Applications of Sequential Learning for Medical Image Classification
- URL: http://arxiv.org/abs/2309.14591v1
- Date: Tue, 26 Sep 2023 00:46:25 GMT
- Title: Applications of Sequential Learning for Medical Image Classification
- Authors: Sohaib Naim and Brian Caffo and Haris I Sair and Craig K Jones
- Abstract summary: We develop a neural network training framework for continual training of small amounts of medical imaging data.
We address problems that impede sequential learning such as overfitting, catastrophic forgetting, and concept drift.

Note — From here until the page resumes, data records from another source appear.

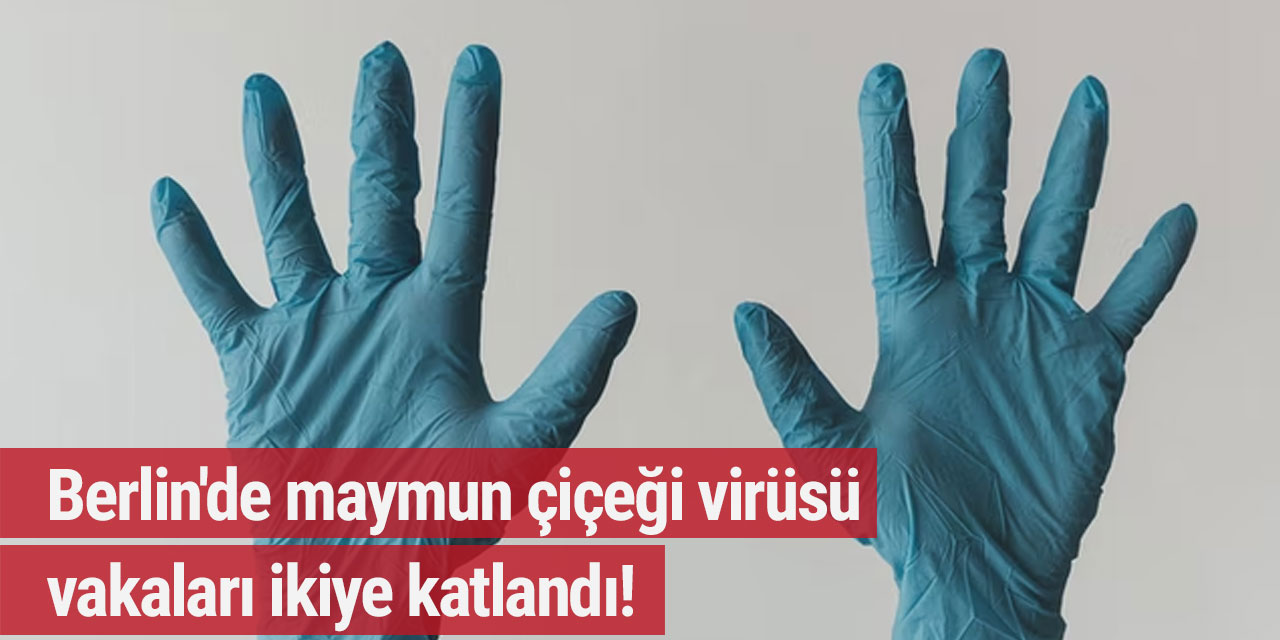 Berlin'de maymun çiçeği virüsü vakaları ikiye katlandı!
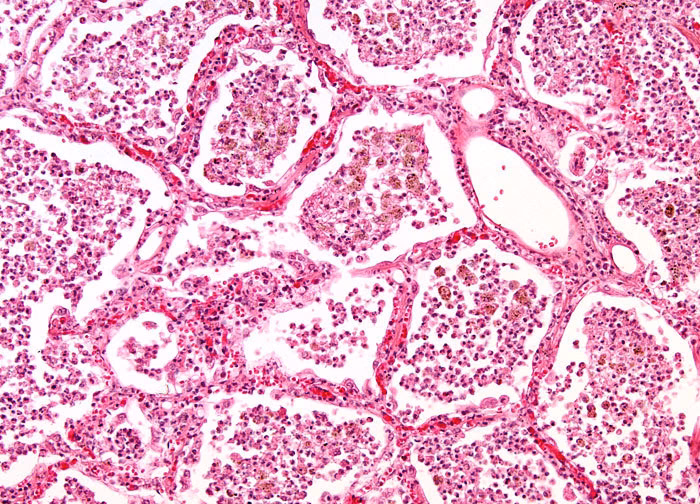 What are the cytologic and histologic features of HMPV pneumonia?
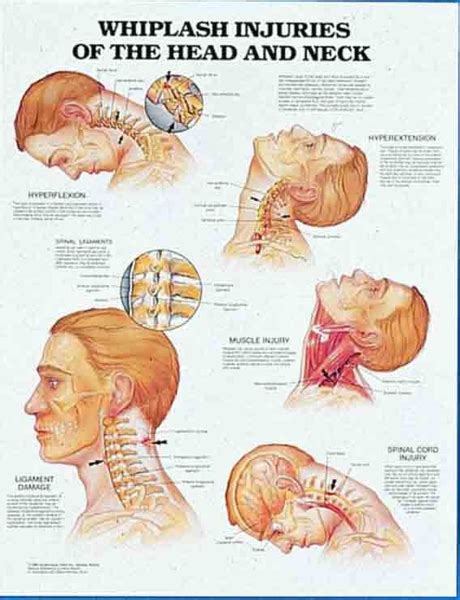 Anatomy And Injuries Of Head And Neck Chart 20x26 Nec
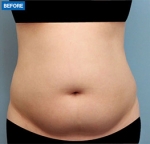 MARBLE Plastic Surgery,Reviews,Images, Promotions — Korea cost, reviews & before-after | MISOODA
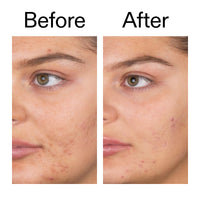 Thumbnail for The INKEY List Salicylic Acid Cleanser - Daily Exfoliating Cleanser with 2% Salicylic Acid & Zinc PCA, Unclogs Pores, Anti Acne, Reduces Blackheads & Excess Oil for Clearer Skin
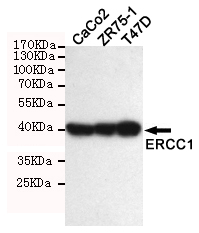 ERCC1 Antibody - Western blot detection of ERCC1 in T47D, ZR75-1, CaCO2 and Molt-4 cell lysate using ERCC1 mouse monoclonal antibody (1:1000 dilution). Predicted band size: 39KDa. Observed band size: 39KDa.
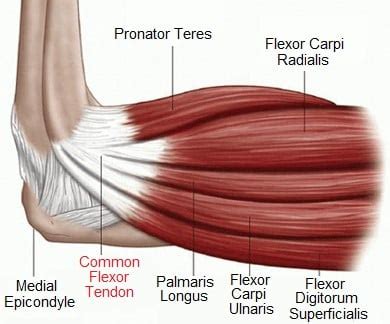 Common Flexor Tendon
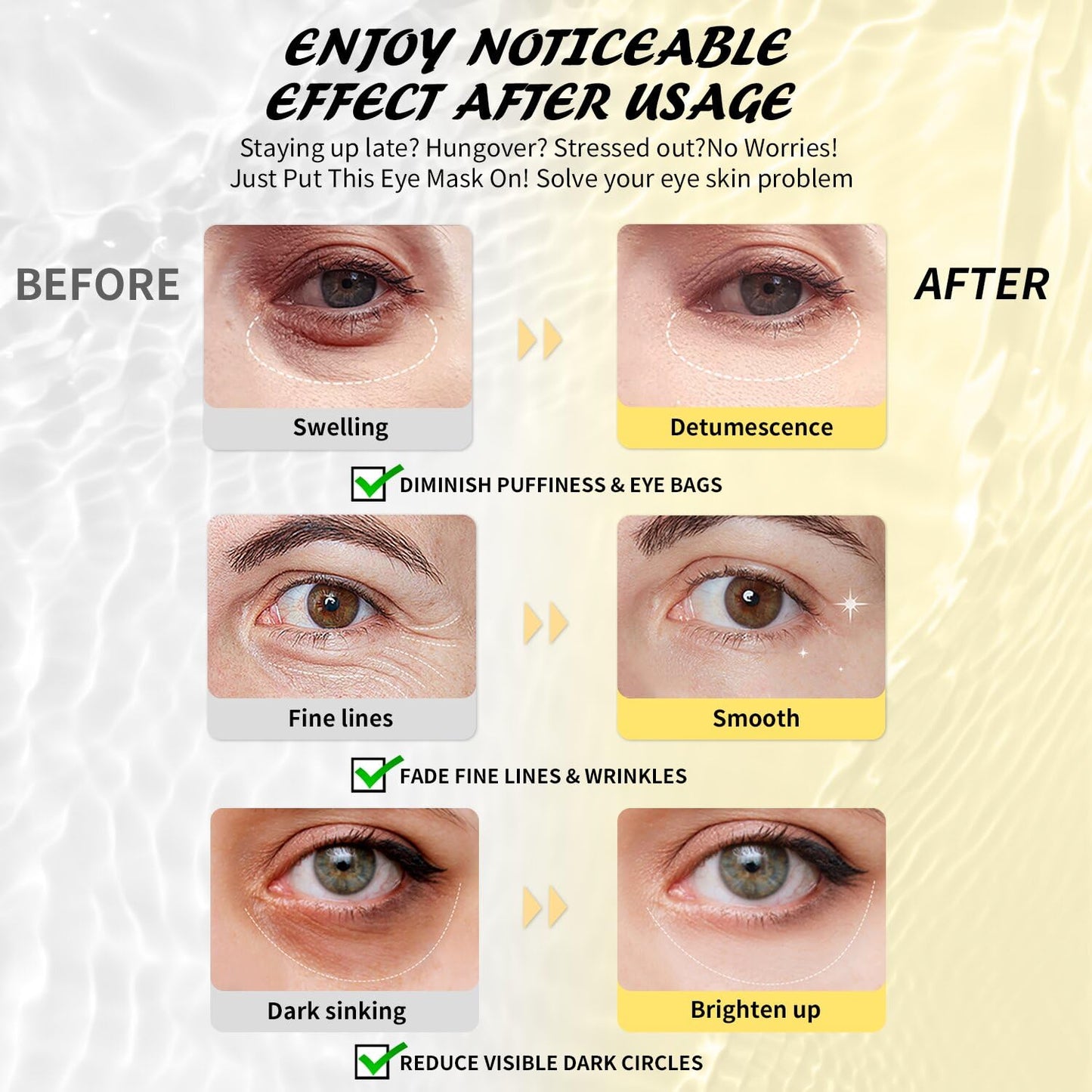Under Eye Patches (30 Pairs), Hyaluronic Acid Eye Masks for Dark Circles Puffy Eyes Undereye Bags, Collagen Eye Patches for Wrinkles and Hydrate, Skin Care Gift for Her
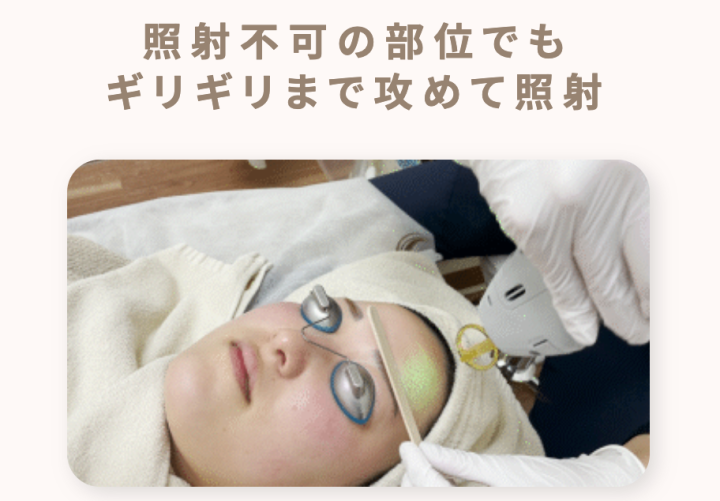 ルシアクリニック 医療脱毛 口コミ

- Score: 0.13191970195165517
- License: http://creativecommons.org/licenses/by/4.0/
- Abstract: Purpose: The aim of this work is to develop a neural network training
framework for continual training of small amounts of medical imaging data and
create heuristics to assess training in the absence of a hold-out validation or
test set.
Materials and Methods: We formulated a retrospective sequential learning
approach that would train and consistently update a model on mini-batches of
medical images over time. We address problems that impede sequential learning
such as overfitting, catastrophic forgetting, and concept drift through PyTorch
convolutional neural networks (CNN) and publicly available Medical MNIST and
NIH Chest X-Ray imaging datasets. We begin by comparing two methods for a
sequentially trained CNN with and without base pre-training. We then transition
to two methods of unique training and validation data recruitment to estimate
full information extraction without overfitting. Lastly, we consider an example
of real-life data that shows how our approach would see mainstream research
implementation.
Results: For the first experiment, both approaches successfully reach a ~95%
accuracy threshold, although the short pre-training step enables sequential
accuracy to plateau in fewer steps. The second experiment comparing two methods
showed better performance with the second method which crosses the ~90%
accuracy threshold much sooner. The final experiment showed a slight advantage
with a pre-training step that allows the CNN to cross ~60% threshold much
sooner than without pre-training.
Conclusion: We have displayed sequential learning as a serviceable
multi-classification technique statistically comparable to traditional CNNs
that can acquire data in small increments feasible for clinically realistic
scenarios.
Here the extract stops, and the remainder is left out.